いやーやっと出ましたね。その間、いろいろとファンを騒がせてきました。夏前から「アルバム未収録集」が出るという噂が出て、9月発売予定から2度の発売延期とともに、収録曲もだいぶ変わり、アルバムの意図が変わってしまった感じがします。

前にも書いた事がありますが、小沢健二は、アルバム一枚ごとに全く別の世界観を作るアーティストです。パーフリ解散後、エレクトロポップに走った小山田君と全く逆のベクトルで静なるポップスを展開した1st通称「犬」。パーフリファンからは想像もできない程「王子様」としてブレークしてしまった集大成2nd「LIFE」。またまた一転、アコースティックジャズ風な自由奔放な音を奏であげた3rd「球体」。そして結局幻に終わった4th「オザケン海へ行く」。それから約4年間の沈黙の後、突如発売された最新作「Eclectic」では、日本には今までに全くないジャンルといっていい独特な世界を繰り出してくれました。

僕の目には「LIFE」はマイケルジャクソンのスリラーとかぶって見えてしまいます。収録曲は先からも後からもどんどんシングルカットされ、それらのシングルがまたどれもこれも売れてしまうため、結局アルバムとしての価値が逆に下がってしまった気がするんです。アルバムは通して聞けて、各楽曲の集合体として一つの世界が作られるんです。でも、一曲一曲が個々に歩き出してしまうと、集合体としての形を成し得くなってしまう。

ここからは僕の全く持って勝手な解釈であり、想像であることをあらかじめ断っておきます。
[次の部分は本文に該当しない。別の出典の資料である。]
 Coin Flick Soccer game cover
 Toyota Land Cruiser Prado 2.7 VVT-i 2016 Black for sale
小沢健二は、結果としてシングルメイカーとして認知されてしまう。その反動が3rdの全く別の方向転換であり、それでもシングルを多発しようとするレコード会社と小沢健二の対立が現在の寡作な状況を作り上げてしまったんではないでしょうか。そのためかどうか分かりませんが、これまでの楽曲の原盤はレコード会社から小沢健二が既に買い上げており、ベスト盤といえどもレコード会社は勝手には作れない状況です。

そんな中で突如発売が決まったこの「ベスト盤」。やはりレコード会社の当初の思惑とはだいぶ違ったものになりました。幻の4thに収録されるはずだった最後の4枚のシングルは、当初のリストには入っていたものの、最終的には今回の選曲からは外され、ほとんどが王子様時代の曲になってしまいました。しかも9曲という中途半端な曲数の上に、最後の曲は1曲目のカラオケトラック。ほんとに「アルバム」としての意図が全く見えません。「アルバムメイカー」である小沢君とは思えない。前述の通り、原盤を持ってるんですから、レコード会社だけの単独犯でないことは明らかです。
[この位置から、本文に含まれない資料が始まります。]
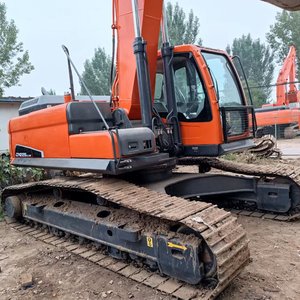 Excavadora de cadenas grande Doosan Dx225 de 23 toneladas con cucharón de 1.05m, maquinaria de construcción con motor, caja de cambios y bomba - Product Image 1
まぁ詳しい裏事情は分かりませんから、あんまりこういうことを憶測だけで書いちゃいけませんね。逆に好意的な考えで見てみると。最後の4枚を入れなかったということは、「オザケン海へ行く」はまだ発売の可能性があるってことじゃないですか!それはそれで嬉しいけど、何年待たせるんだ!!もう7年くらい経つぞ(笑)。

だめ押ししてくれたのはジャケット仕様。3種。レコード店で買ったときには全く気づきませんでした。ってくらい同じようなジャケット。これを3枚買えってか。これまでのシングル・アルバム全部持ってて個人的には新譜は全く入ってないんだぜ。勘弁してくれよ。せめてボーナスCDが違うとかなら3枚買ってたけどね(爆)。

「刹那」というタイトルだけが唯一の新しい小沢健二からのメッセージ。シングル乱発時代を自ら刹那的だと皮肉る彼は、今何を策略してるのか。でも次の展開はまた数年後なんだろうな。それまでは、当初のセットリストの「刹那」を自分でCD焼いて作って聞いて待ってます(笑)。